The Rolling Stones remove 'Brown Sugar' from tour setlist over lyrics depicting slavery
The Rolling Stones may have dubbed their tour "No Filter," but the iconic rock band has filtered out one of their most popular songs from their setlist.
The band retired their 1971 hit song "Brown Sugar" from their current tour, for now, over "conflicts" surrounding the controversial lyrics that depict slavery, rape and drugs, guitarist Keith Richards confirmed to The Los Angeles Times.
"You picked up on that, huh?" Richards told the outlet after he was asked why the band has refrained from playing it. He added that he doesn't understand the controversy.
"I’m trying to figure out with the sisters quite where the beef is," Richards said. "Didn’t they understand this was a song about the horrors of slavery? But they’re trying to bury it. At the moment I don’t want to get into conflicts with all of this."
USA TODAY reached out to The Rolling Stones for comment.

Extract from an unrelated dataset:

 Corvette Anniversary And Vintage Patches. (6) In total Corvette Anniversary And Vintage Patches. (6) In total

According to Genius' song interpretation, "'Brown Sugar' runs through different white and Black sexual interactions," including nonconsensual sex between a slave and slave owner, who had "total ownership of Black women but also had total physical and sexual access."
The first verse of the song depicts slaves being sold in the slave trade in New Orleans and being beaten at will: "Gold coast slave ship bound for cotton fields/ Sold in the market down in New Orleans/ Scarred old slaver knows he's doing alright/ Hear him whip the women just around midnight."

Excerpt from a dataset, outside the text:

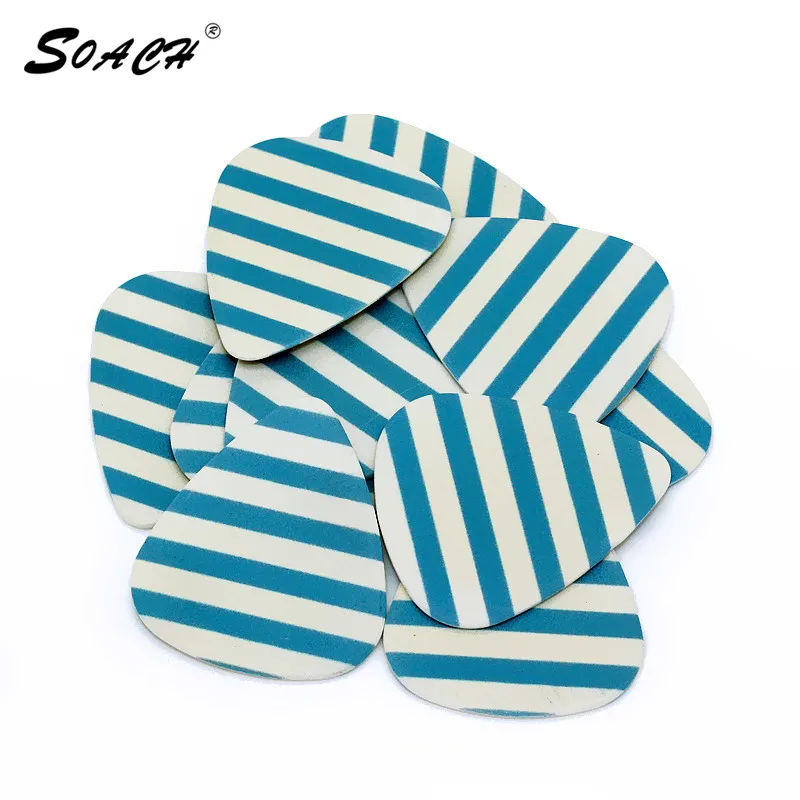 SOACH 10pcs/Lot 1.0mm thickness guitar strap guitar parts Accessories Stripes personalized guitar picks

"Brown Sugar" ends: "How come you, how come you taste so good? Just like a, just like a Black girl should."
In 2019, music producer Ian Brennan accused the band of "glorifying slavery, rape, torture and pedophilia," adding that they have "brazenly gotten away with this jeering harassment for decades." He called for the songs to be removed from the radio.
"The issue today is not that they ever wrote the song. Nor that they have ever sung it. The fault is that they keep singing it," Brennan wrote in The Chicago Tribune.

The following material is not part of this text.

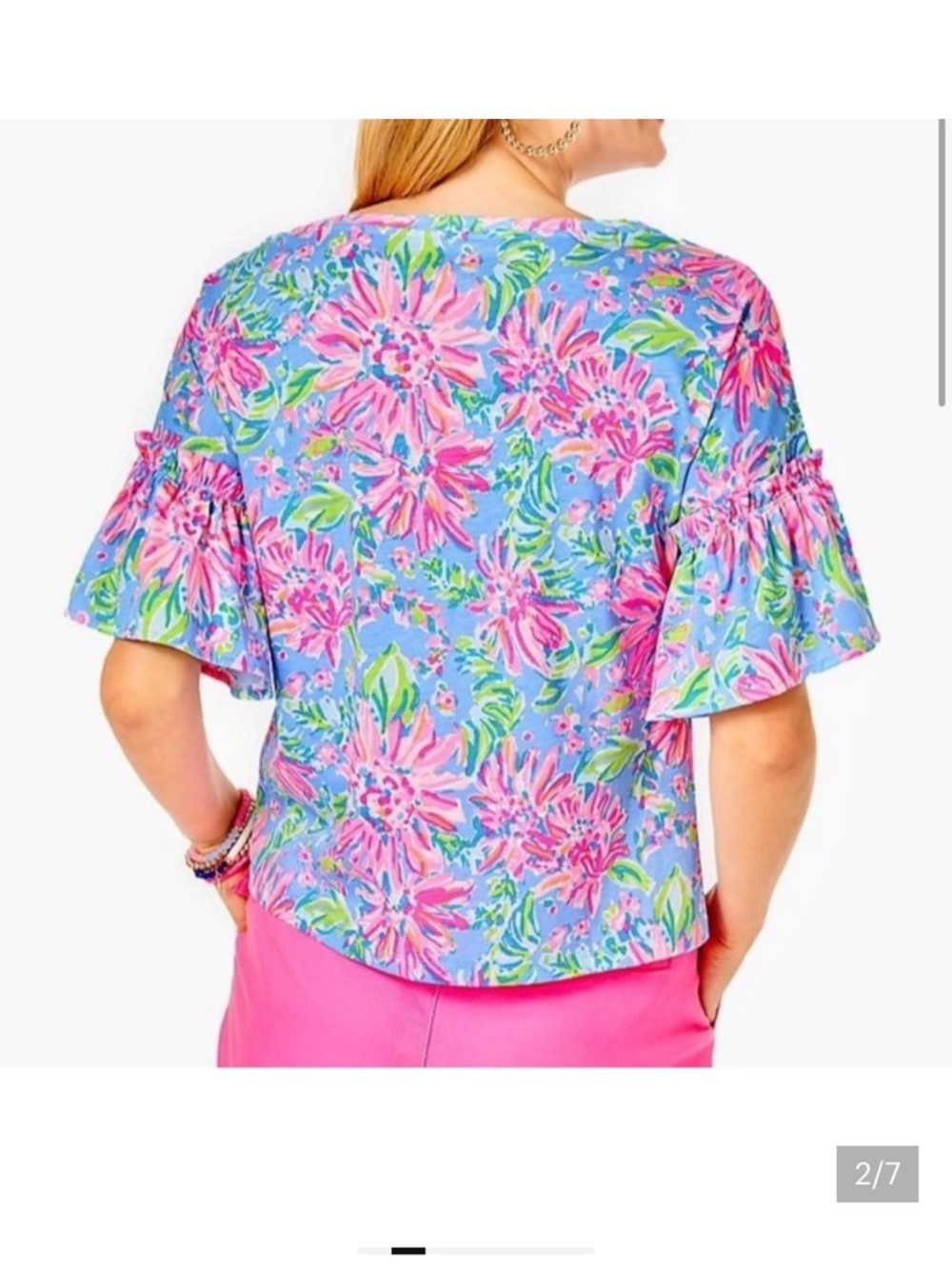 Lilly Pulitzer XL Ziva Top ruffle sleeve Sunrise Bay blue peri - Picture 2 of 6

However, Richards and Mick Jagger both stated that "Brown Sugar" may not be gone for good.
"I’m hoping that we’ll be able to resurrect the babe in her glory somewhere along the track," Richards told the LA Times. Jagger added, "We might put it back in."
"We’ve played ‘Brown Sugar’ every night since 1970, so sometimes you think, 'We’ll take that one out for now and see how it goes,'" Jagger said.